Nearly 260 contract workers in Hyderabad, India working for the outsourcing firm Wipro said to have combed through millions of photos and status updates on Facebook ever since 2014. These workers categorized the items into “five dimensions” as asked by Facebook for a better understanding of the users, posting patterns and more. By doing so, Facebook aims to build better features and increase ad revenue. However, it isn’t clear about how much of these efforts can be deemed ethical, Reuters is reporting.
“One of the key pieces of GDPR is purpose limitation,” said John Kennedy, a partner at law firm Wiggin and Dana who has worked on outsourcing, privacy and AI. If the purpose is looking at posts to improve the precision of services, that should be stated explicitly, Kennedy said. Using an outside vendor for the work could also require consent, he said.
The details of this project were provided by a few of the contract workers on the project after being guaranteed anonymity. According to this program, the workers categorize the posts into dimensions such as the subject of the post, occasion, author’s intention and so on.
While Facebook confirmed and provided several details about the few among nearly 200 ongoing content labeling projects, Wipro declined to respond and directed all the communication to Facebook.
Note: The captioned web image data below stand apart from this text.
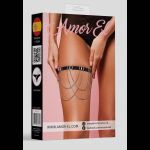 Соблазнительная подвязка на ногу с декоративными цепочками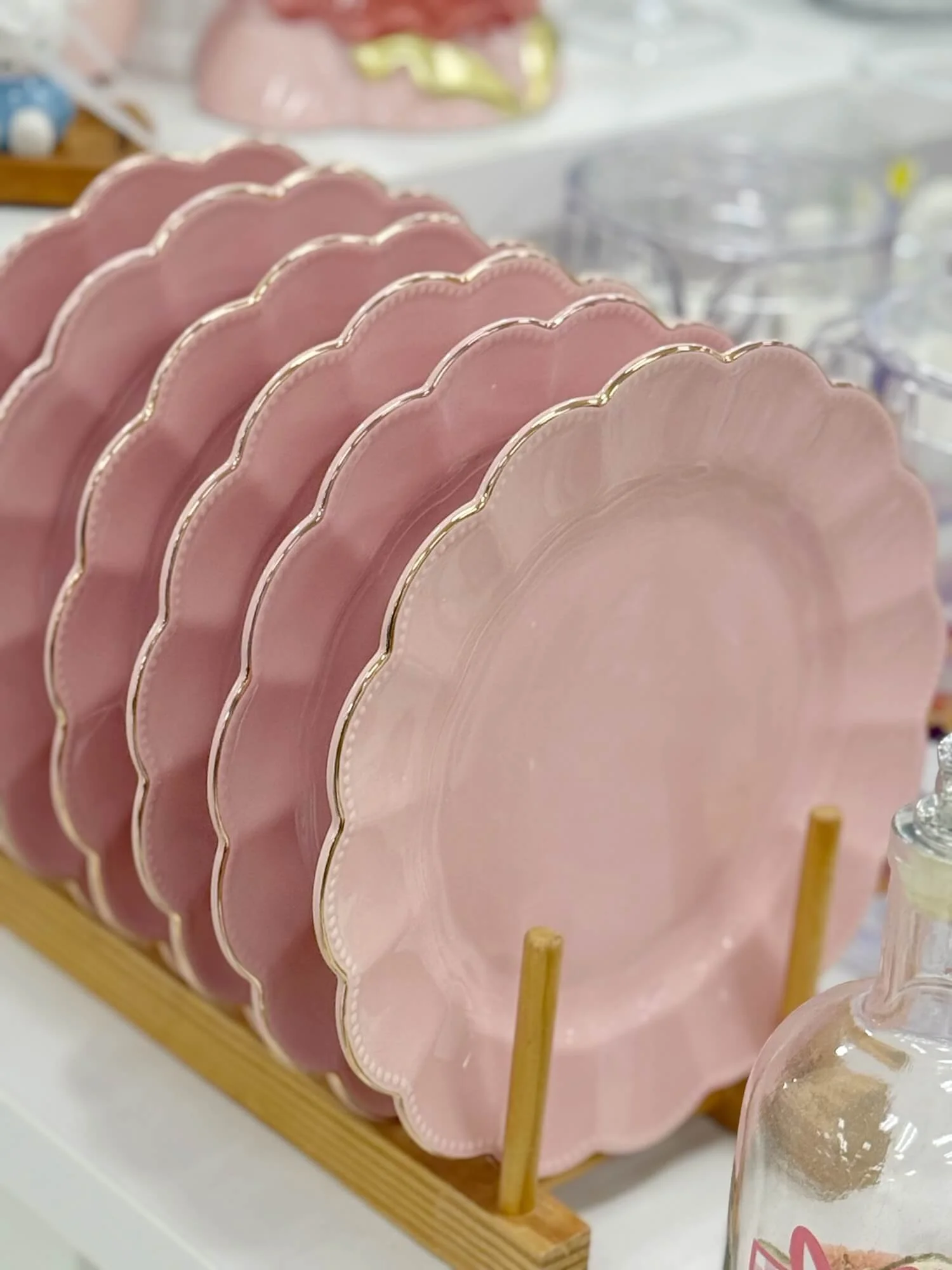 scalloped pink dinner plates.jpeg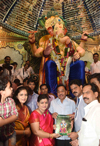 Ex. Chief Minister & Congress Senior Leader Narayanrao Rane with Family for Ganpati Darshan at Lalabaugh.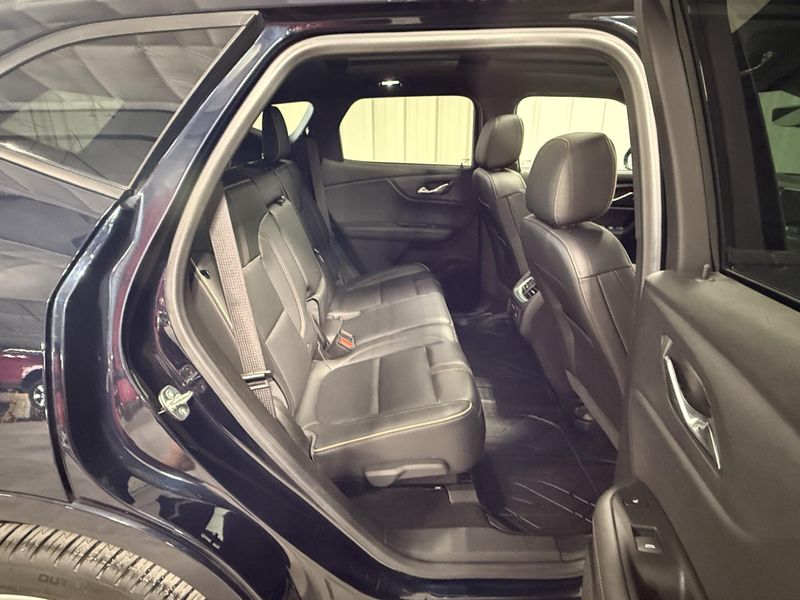 Used 2021 Chevrolet Blazer PremierImage 9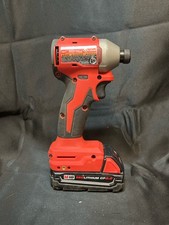 MILWAUKEE M18 IMPACT WRENCH MODEL 2957-20 (H83004908)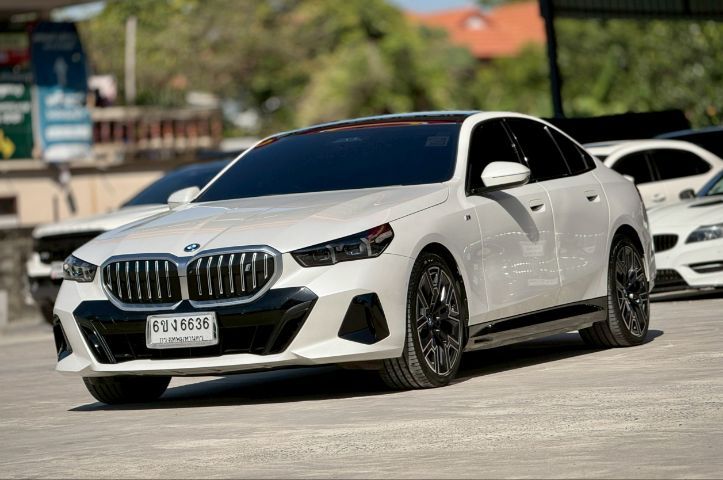 รถ BMW I5 eDrive40 M Sport สี ขาว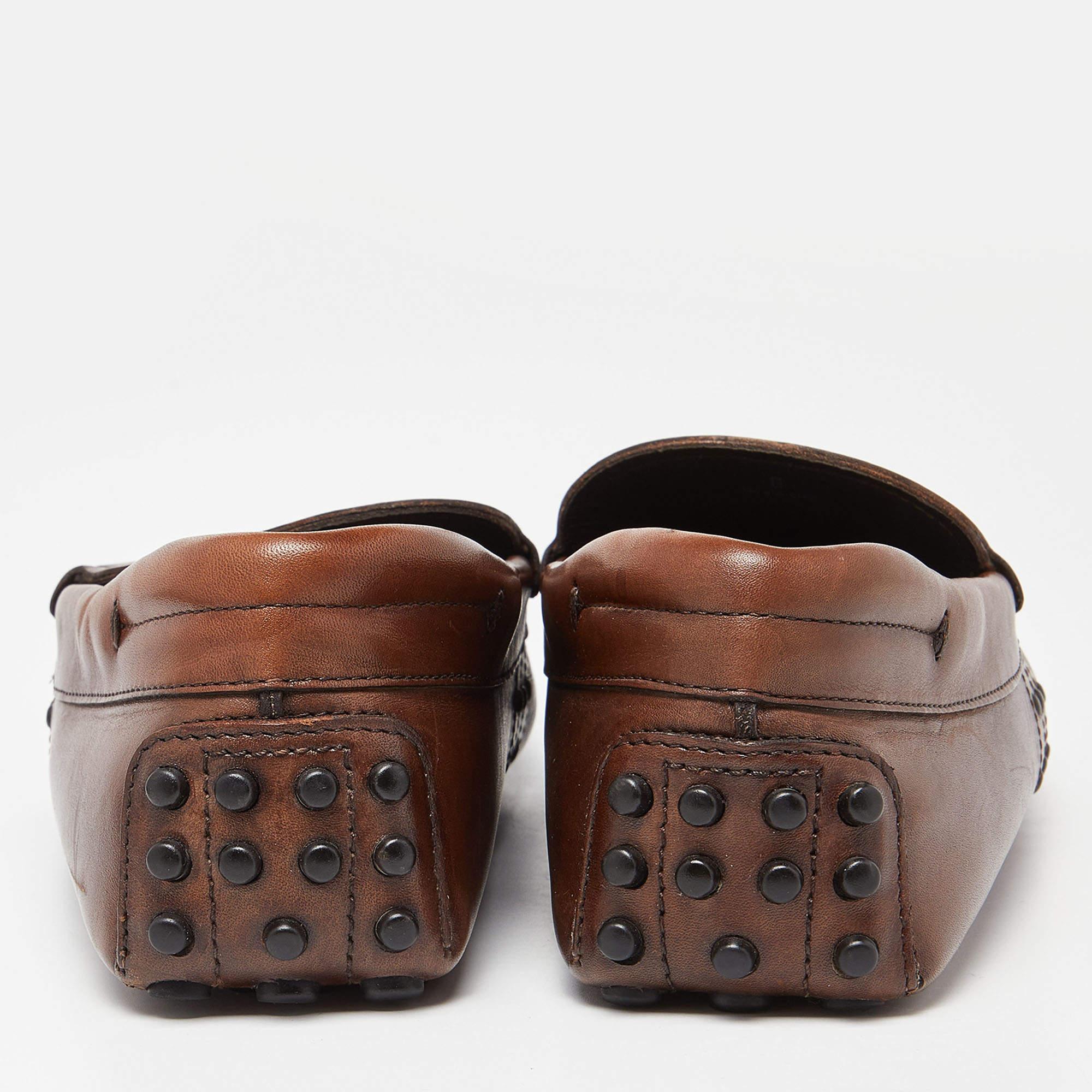 Tod's Brown Leather Penny Loafers Size 39.5 For Sale 1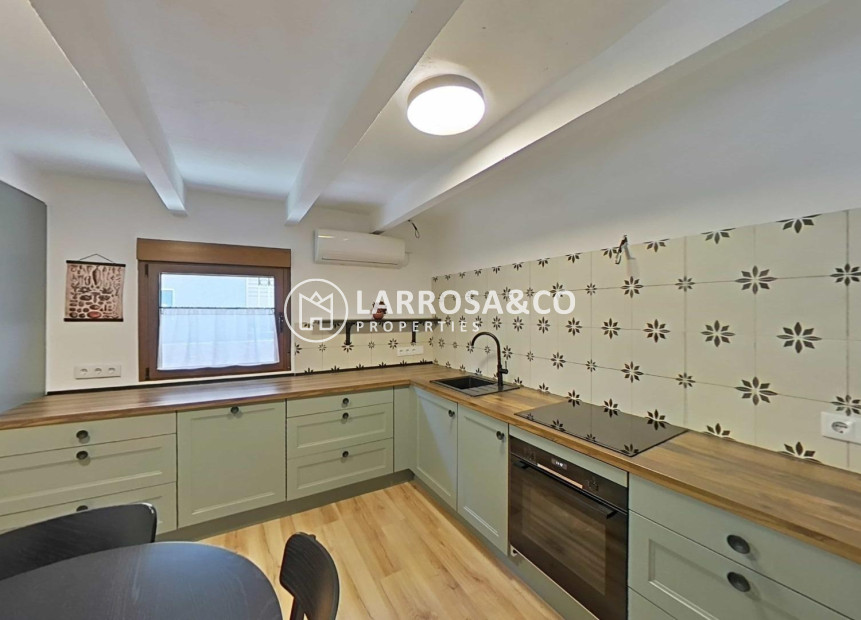 Resale - Semi-detached house - Formentera del Segura - Centro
The company officials said that Wipro was one of the many firms hired for such work and globally, millions of people are hired by Facebook for content labeling services. Several projects such as this are primarily aimed at training Facebook’s software to decide what must appear in user feeds and the most suitable advertisements as well.
Content labeling can raise new privacy concerns on top of the ongoing investigations and charges against Facebook for poor privacy measures and personal data abuse. The outsourcing firm’s employees stated that they gained a window into the user’s life and in a few cases, some posts and screenshots may contain user names as well.
Facebook said that it’s following a recently introduced auditing system to ensure that the privacy measures and expectations are being followed by third-party companies doing the outsourcing work. Using an outside vendor for work might need user consent, and not explicitly stating such facts to the users may land Facebook in legal trouble.
One of Europe’s top data privacy official had declined to comment on this issue. As of now, it remains unclear about how the GDPR will be interpreted and if the regulators would find the content labeling efforts to be problematic.